Coupling Navier-Stokes and Gross-Pitaevskii equations for the numerical simulation of two-fluid quantum flows

TL;DR

This paper introduces a new numerical model coupling Navier-Stokes and Gross-Pitaevskii equations to simulate two-fluid quantum flows, enabling more accurate and comprehensive analysis of superfluid and normal fluid interactions.

Contribution

The paper presents a novel coupling approach for Navier-Stokes and Gross-Pitaevskii equations, including new definitions for superfluid vorticity and friction forces, with a spectral algorithm for simulation.

Findings

Validated against known vortex benchmarks

Successfully simulated vortex crystal, dipole, and rings

Demonstrated the model's potential for complex quantum fluid analysis

Abstract

Numerical methods for solving the Navier-Stokes equations for classical (or normal) viscous fluids are well established.
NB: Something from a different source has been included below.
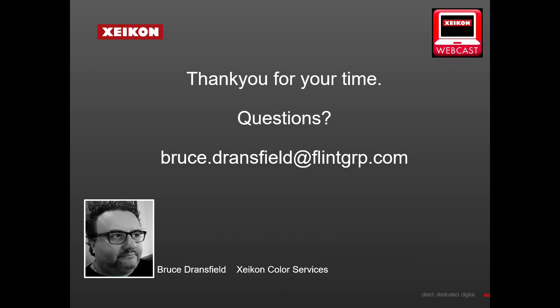So thank you for your time. I hope it's been of interest, and if you do have any questions, you can always email me at bruce.dransfield@theflintgroup.com. And again, thank you very much.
This is also the case for the Gross-Pitaevskii equation, governing quantum inviscid flows (or superfluids) in the zero temperature limit. In quantum flows, like liquid helium II at intermediate temperatures between zero and 2.17 K, a normal fluid and a superfluid coexist with independent velocity fields. The most advanced existing models for such systems use the Navier-Stokes equations for the normal fluid and a simplified description of the superfluid, based on the dynamics of quantized vortex filaments, with ad hoc reconnection rules. There was a single attempt (C. Coste, The European Physical Journal B - Condensed Matter and Complex Systems, 1998) to couple Navier-Stokes and Gross-Pitaevskii equations in a global model intended to describe the compressible two-fluid liquid helium II. We present in this contribution a new numerical model to couple a Navier-Stokes incompressible fluid with a Gross-Pitaevskii superfluid. Coupling terms in the global system of equations involve new definitions of the following concepts: the regularized superfluid vorticity and velocity fields, the friction force exerted by quantized vortices to the normal fluid, the covariant gradient operator in the Gross-Pitaevskii based on a slip velocity respecting the dynamics of vortex lines in the normal fluid. A numerical algorithm based on pseudo-spectral Fourier methods is presented for solving the coupled system of equations.Finally, we numerically test and validate the new numerical system against well-known benchmarks for the evolution in a normal fluid of different types or arrangements of quantized vortices (vortex crystal, vortex dipole and vortex rings). The new coupling model opens new possibilities to revisit and enrich existing numerical results for complex quantum fluids.